Islamist extremist Harry S. wasn’t in Syria for long. But during his stay there, he claims, Islamic State leaders repeatedly tried to recruit him to commit terror attacks in Germany. Security officials believe he could be telling the truth.
It was an early summer morning in the Syrian desert, with not a cloud in the sky, when Mohamed Mahmoud asked those gathered around him: “Here are some prisoners. Which of you wants to waste them?”
Not long before, Islamic State (IS) had taken the city of Palmyra, and now jihadists from Germany and Austria were to participate in the executions of some of the prisoners taken in the operation. They drove to the site of the executions in Toyota pick-ups, bringing along an IS camera team in order to document the atrocity in the city of antique ruins. Even then, Mohamed Mahmoud was known to German security officials for his repeated propaganda-video calls to join the jihad. On that early summer day in Palmyra, though, he didn’t just incite others. He grabbed a Kalashnikov himself and began firing. That day, Mahmoud and his group of executioners are thought to have killed six or seven prisoners.
The story comes from someone who was in Palmyra on that day: Harry S., a 27-year-old from Bremen. “I saw it all,” he says.

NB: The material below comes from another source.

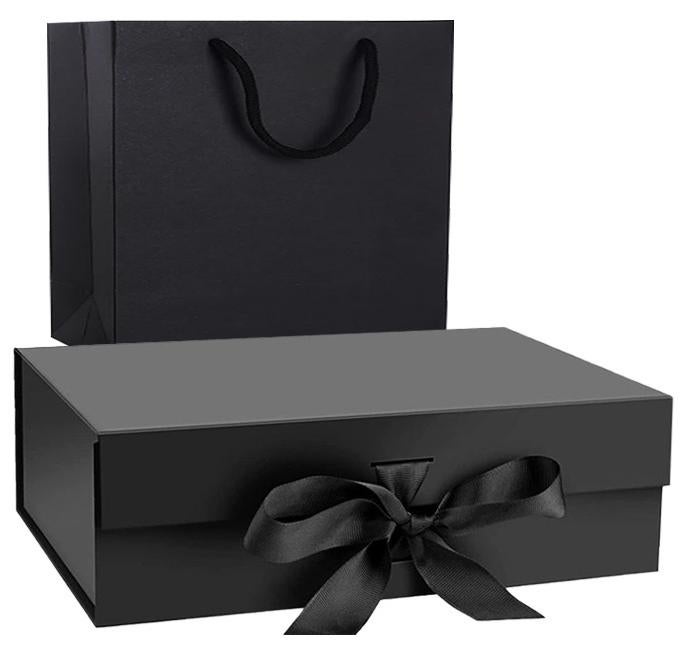 HYFY Black Gift Box With Gift Bag 32x20x10cm Large luxury Gift box Black Gift Boxes Magnetic Closure with Ribbon with Foldable Lid boxes for Women Wedding bridal Gifts Birthday Wedding Gifts Packaging - Image 1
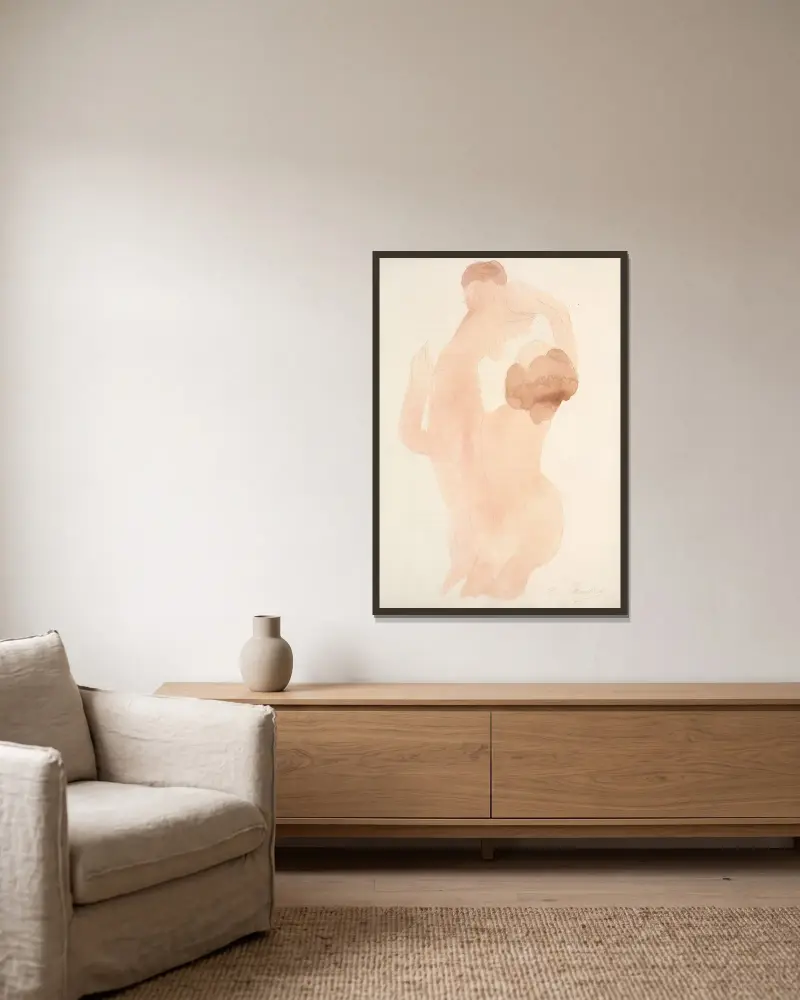 Der Garten der Qualen, Tafel 5 von Auguste Rodin gerahmt an einer Wand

Harry S. returned to Germany from Syria and is now in investigative custody. He has told security officials everything about the brief time he spent with Islamic State and has also demonstrated his readiness to deliver extensive testimony to German public prosecutors. He stands accused of membership in a terrorist group. His lawyer Udo Würtz declined to offer a detailed response when contacted, but said of his client: “He wants to come clean.”